Toma tomate

miércoles, 14 de septiembre de 2011

La crónica de la Tomatina comienza muy temprano, para emprender un viaje singular hacia una fiesta plural, en Buñol, un pequeño pueblo del que sólo se oye hablar un día al año, que además siempre es el último miércoles de cada agosto. El gran evento no comienza hasta las 11 de la mañana, pero las calles de Buñol bullen de actividad desde muy temprano. La fama internacional que la pelea de los tomates ha adquirido en los últimos tiempos se ve reflejada en la cantidad de personas de toda procedencia que en riada humana descienden el pequeño tramo que les separa de la plaza donde explotará la acción. Personas ataviadas de blanco y gafas de bucear, y personajes de toda índole, con cascos protectores fabricados con cáscaras de sandía o con pañales de bebé tamaño XL.

Desde las 10 la plaza queda colapsada. La masa humana, apretada como un todo, tiene una hora de espera impaciente. La gente, nerviosa, hace del buen rollo su estandarte para la guerra que se avecina. En la calle hablamos más inglés que castellano, pues el producto nacional escasea ante americanos, australianos y europeos de cualquier lugar. Conocemos a Tom, que viene de Liverpool con su acento de Beatle y disfrazado de Wally, a Mary toda de blanco con sus funny glasses, o a las chicas de Colorado, conscientes de que el jugo de tomate es excelente para el cutis.

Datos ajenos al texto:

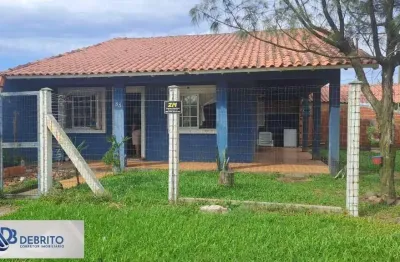 Casa para venda em tramandaí, jardim beira mar, 2 dormitórios, 1 banheiro, 1 vaga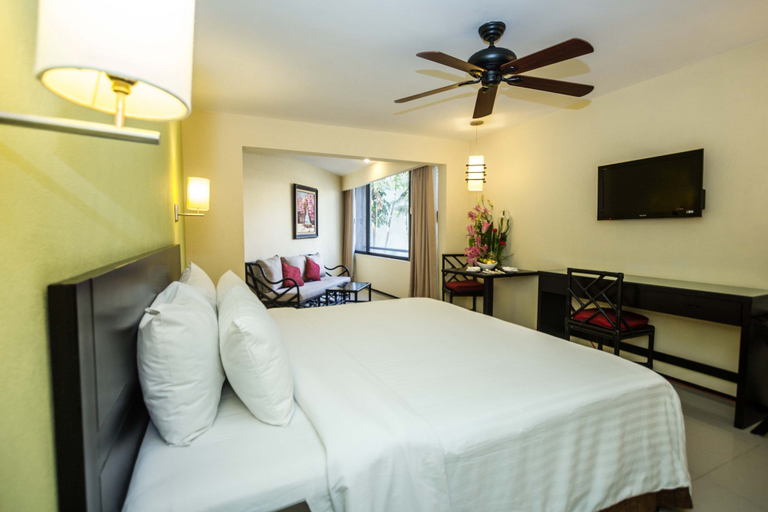 Bedroom 3, Hotel Casa Francisco Cuernavaca, Cuernavaca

Los vecinos de Buñol, escondidos tras los plásticos que han colocado para proteger sus fachadas, nos tiran agua para amenizar la espera. La masa quiere más y el resto de ventanas se animan con cubos y baldes que descargan sin ton ni son. Las personas y personajes cantan, saltan y bailan. De repente, se oye un petardazo. Son las 11. La batalla comienza.

El entusiasmo aumenta conforme se ven llegar los camiones que nos proveerán de la munición necesaria para comenzar la guerra, una guerra sin aliados con un enemigo común: cualquiera. Llegan los primeros tomates y comienzan los lanzamientos; sólo quedarán 120.000 kilos más para atacar al primero que se cruce en tu trayectoria. "Excuse me, do I know you?; No; ¡Pues toma tomate!" Cualquier táctica es buena para refregar el fruto rojo por doquier. No importa a quién se lo lances; aunque por más que quisieras apuntar, apenas se distingue algo a través de las más que manchadas gafas.

La masa se vuelve loca y los tomates vuelan en todas direcciones. El rojo lo invade todo. A duras penas me encuentro con unas funny glasses y una dueña toda encarnada, que definitivamente se ha convertido en Bloody Mary. Al poco me topo con las de Colorado, que haciendo honor a su origen han teñido sus vestidos. Y a lo lejos, un Wally al que ya no se le distinguen las rayas rojas de las blancas, me lanza un tomate que acierta de lleno en el centro de la diana de mi camiseta: no cabe duda que Tom atina.

En plena vorágine se oye otro petardazo. La batalla ha terminado. Apenas una hora cuyos minutos parecen haber ido más rápido de lo normal. Llega el momento de firmar la tregua. Nunca una guerra terminó tan rápido ni fue tan divertida. Pero la Tomatina es una guerra especial, una guerra roja pero no de sangre. Entre ríos de zumo de tomate, nos vamos despidiendo de los nuevos conocidos con la promesa de no tomar salmorejo en un tiempecito.